**YOUR GOAL:**
All pictures are to be omitted while the lines starting at the line with "The grass-snake" and ending at the line with "Shark vest deals for dog" in the material below are retyped exactly, both ends included.

**SOURCE DATA:**
------------------------------------------------

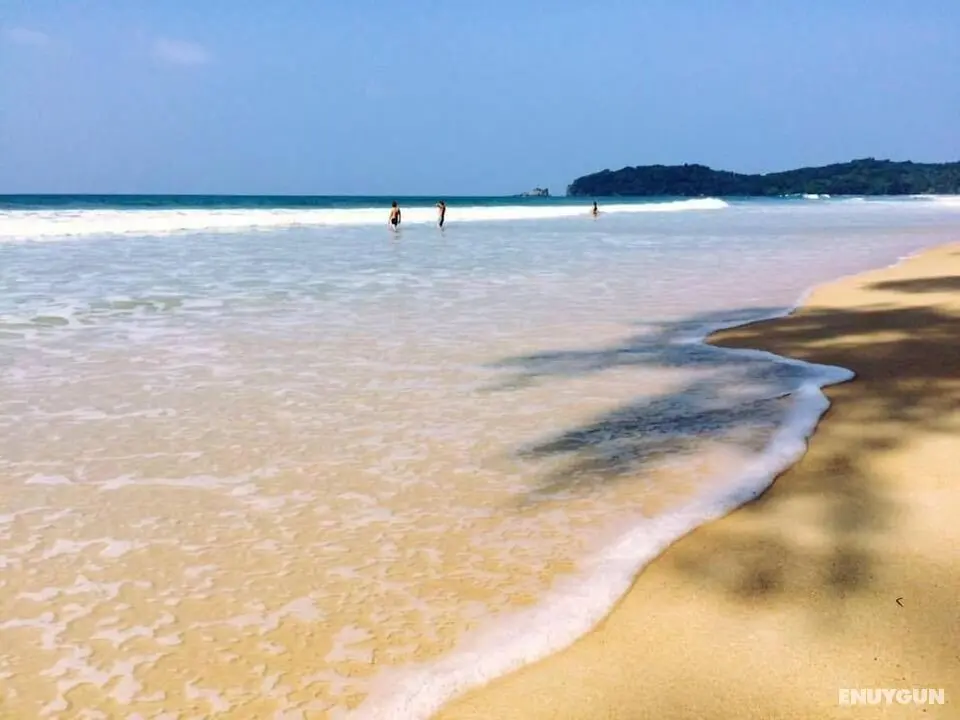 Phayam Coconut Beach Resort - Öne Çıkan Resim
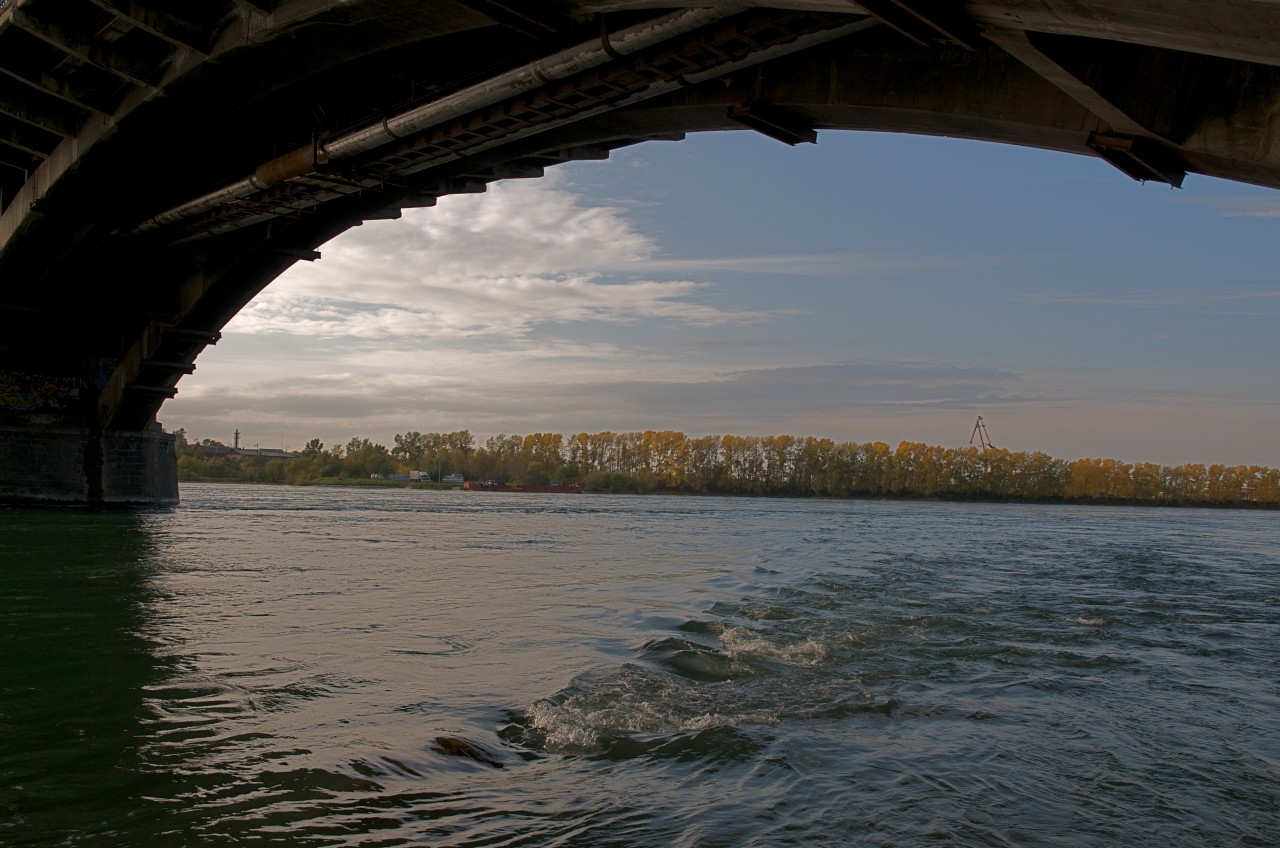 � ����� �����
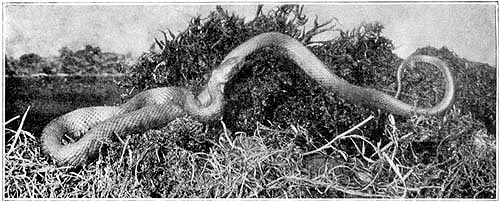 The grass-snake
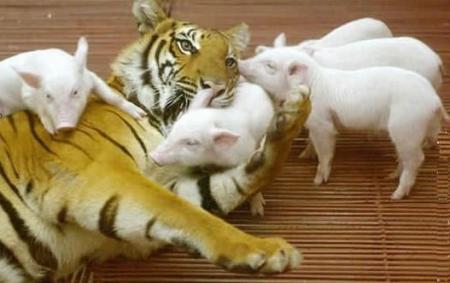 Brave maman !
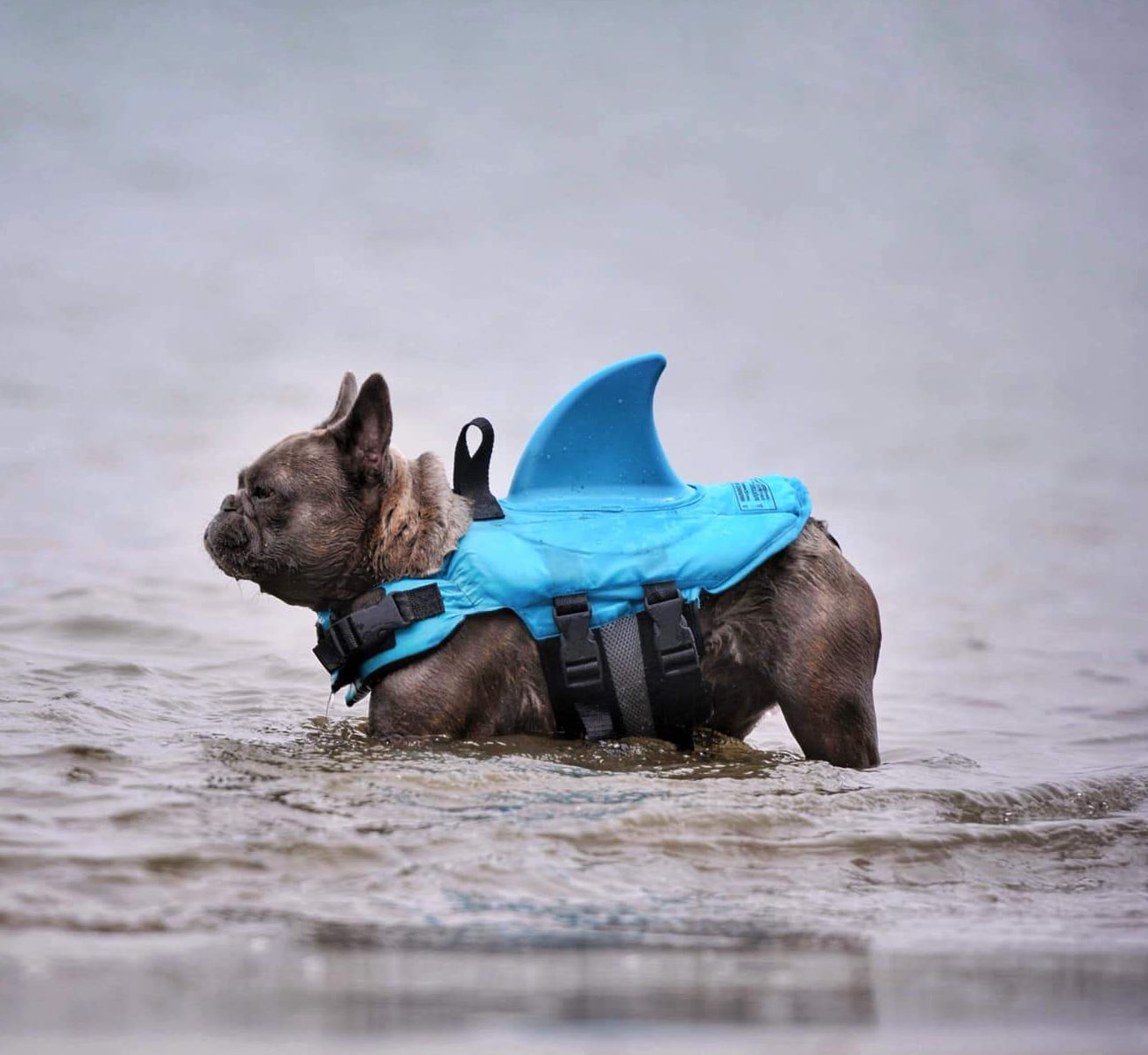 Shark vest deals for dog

------------------------------------------------

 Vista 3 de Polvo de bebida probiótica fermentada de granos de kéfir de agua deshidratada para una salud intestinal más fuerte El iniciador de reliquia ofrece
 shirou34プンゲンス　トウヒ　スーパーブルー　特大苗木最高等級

------------------------------------------------

**RESULT OF THE EXERCISE:**
 The grass-snake
 Brave maman !
 Shark vest deals for dog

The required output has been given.